Stopy procentowe już ósmy miesiąc pozostaną na niezmienionym poziomie. Taką decyzję podjęła dziś Rada Polityki Pieniężnej. – Stopy procentowe pozostały bez zmian tak jak zakładał konsensus rynkowy – powiedział w TVP Info ekonomista i analityk finansowy Andrzej Stefaniak. Pytany o to dlaczego już teraz RPP nie zdecydowała się na obniżkę stóp procentowych stwierdził, że jest „zdecydowanie za wcześnie”.
W środę zakończyło się dwudniowe posiedzenie Rady Polityki Pieniężnej. Rada nie zmieniła stóp procentowych. Tym samym główna stopa procentowa NBP, czyli referencyjna, wynosi nadal 6,75 proc., stopa depozytowa 6,25 proc., lombardowa 7,25 proc., dyskontowa weksli 6,85 proc., a redyskontowa weksli 6,8 proc.
Majowe posiedzenie było ósmym z rzędu, kiedy RPP nie zmieniła stóp procentowych. Decyzja ta była zgodna z oczekiwaniami analityków. Ekonomiści uważają, że jeśli dojdzie w tym roku do obniżek stóp, to nastąpi to dopiero w drugiej połowie roku. Część analityków uważa, że warunki do obniżek pojawią się w przyszłym roku.
Ekonomista o dalszych perspektywach
– Stopy procentowe pozostały bez zmian tak jak zakładał konsensus rynkowy – powiedział w TVP Info ekonomista i analityk finansowy Andrzej Stefaniak.

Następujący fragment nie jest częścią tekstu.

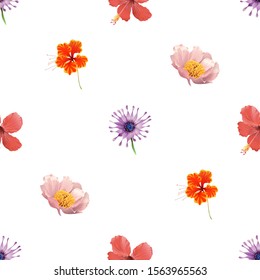 Purple Osteospermum Daisybush. Red Hibiscus. Pink Peony. Orange Rose Mallow. Vector illustration. Seamless background pattern. Floral botanical flower. Wild leaf wildflower isolated. Exotic tropical.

Jak zaznaczył „praktycznie nie było nikogo kto myślał o podwyżce albo o obniżce i Rada ewidentnie czeka jakie będą konsekwencje ekonomiczne wcześniejszych decyzji oraz oczywiście jakie będą konsekwencje dla inflacji, ponieważ to jest dla nas niezwykle interesujące”.
– Czy perspektywy dezinflacyjne będą postępować i czy one będą uzasadniały, że w drugiej połowie tego roku będzie szansa na pierwsze obniżki stóp procentowych? Moim zdaniem jest na to coraz większa szansa – podkreślił Stefaniak.
Jak dodał „warto zwrócić uwagę, że decyzja w sprawie stóp procentowych w Polsce zapadła tuż po danych o inflacji w Stanach Zjednoczonych za kwiecień”. — Te dane pokazały, że procesy dezinflacyjne postępują w skali globalnej i to nawet silniej niż wcześniej inwestorzy zakładali i jest ogromne prawdopodobieństwo, że taka sama skala przyspieszenia procesów obniżania się inflacji wystąpi także w Polsce – podkreślił. Stefaniak zaznaczył, że „jeżeli tak faktycznie będzie i w miesiącach letnich będziemy świadkami spadku inflacji do poziomów jednocyfrowych to naprawdę uruchomi się proces rozmów i rozważań o obniżkach stóp procentowych”.– Myślę, że faktycznie tak będzie – przewidywał.
Za wcześnie na obniżkę
Pytany o to dlaczego już teraz RPP nie zdecydowała się na obniżkę stóp procentowych analityk stwierdził, że jest „zdecydowanie za wcześnie”.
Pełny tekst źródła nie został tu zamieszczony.